#### Directions
The records below are to be reproduced exactly, with every picture left out.

#### Data shown

• • •

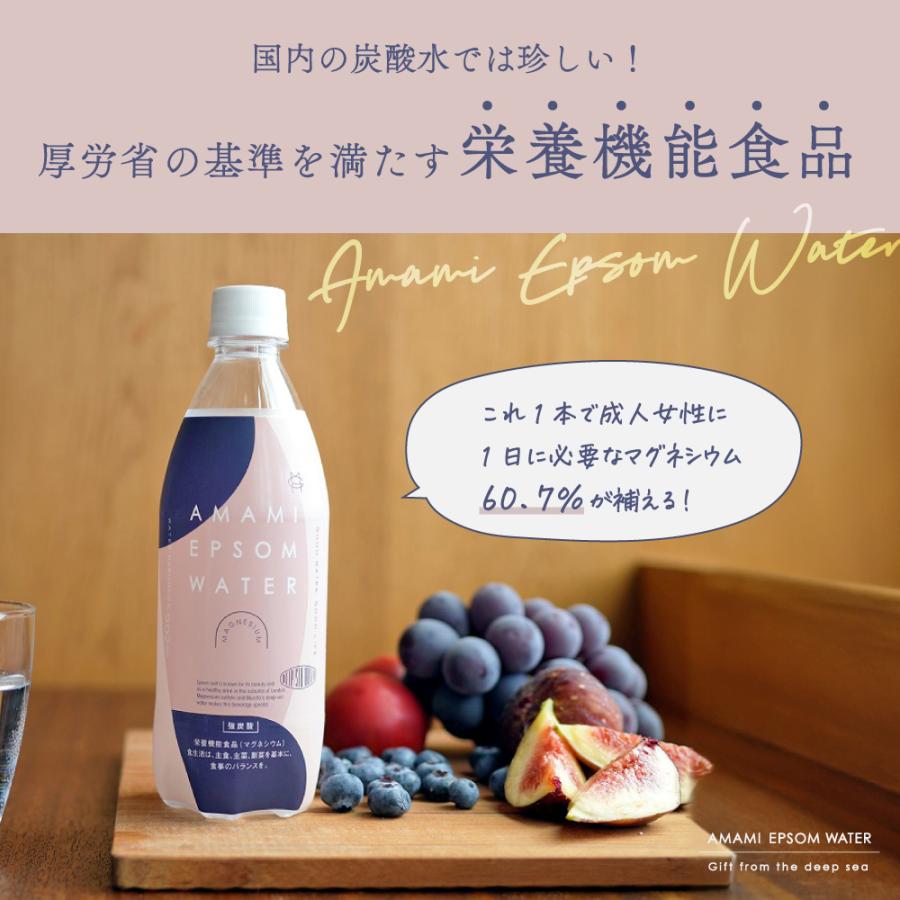 炭酸水 500ml 96本 24本×4ケース 栄養機能食品 エプソムソルト まとめ買い エプソムウォーター マグネシウム ミネラル 無糖 強炭酸 国産 | 赤穂化成 | 05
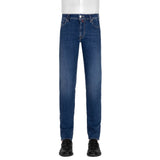 Eleganti jeans maschili di cotone tratto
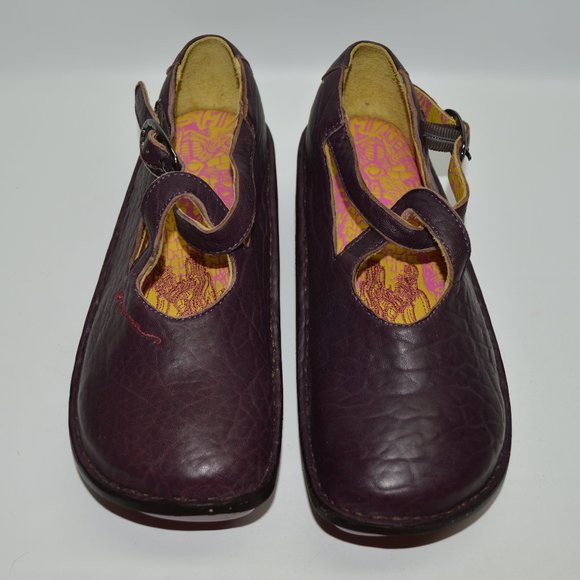 Macanna Shoes - Macanna Purple Genuine Leather Comfort Clogs 8.5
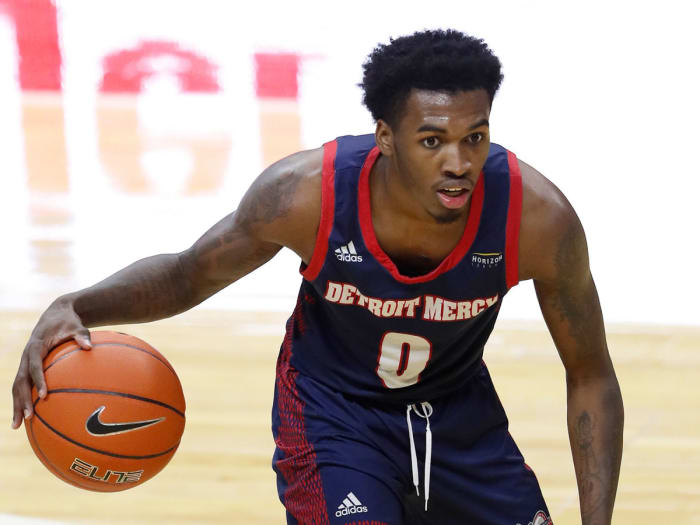 Detroit Mercy’s Antoine Davis is in the transfer portal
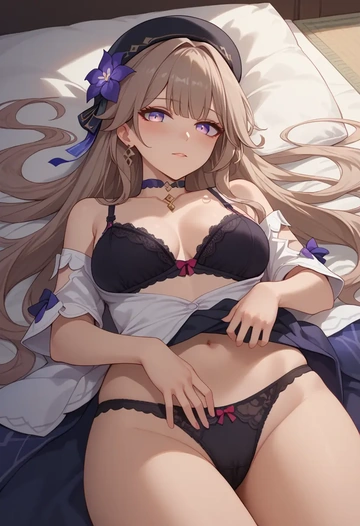 lingerie,sexy, herta, star rail - AI generated anime art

• • •

#### Response below
 炭酸水 500ml 96本 24本×4ケース 栄養機能食品 エプソムソルト まとめ買い エプソムウォーター マグネシウム ミネラル 無糖 強炭酸 国産 | 赤穂化成 | 05
 Eleganti jeans maschili di cotone tratto
 Macanna Shoes - Macanna Purple Genuine Leather Comfort Clogs 8.5
 Detroit Mercy’s Antoine Davis is in the transfer portal
 lingerie,sexy, herta, star rail - AI generated anime art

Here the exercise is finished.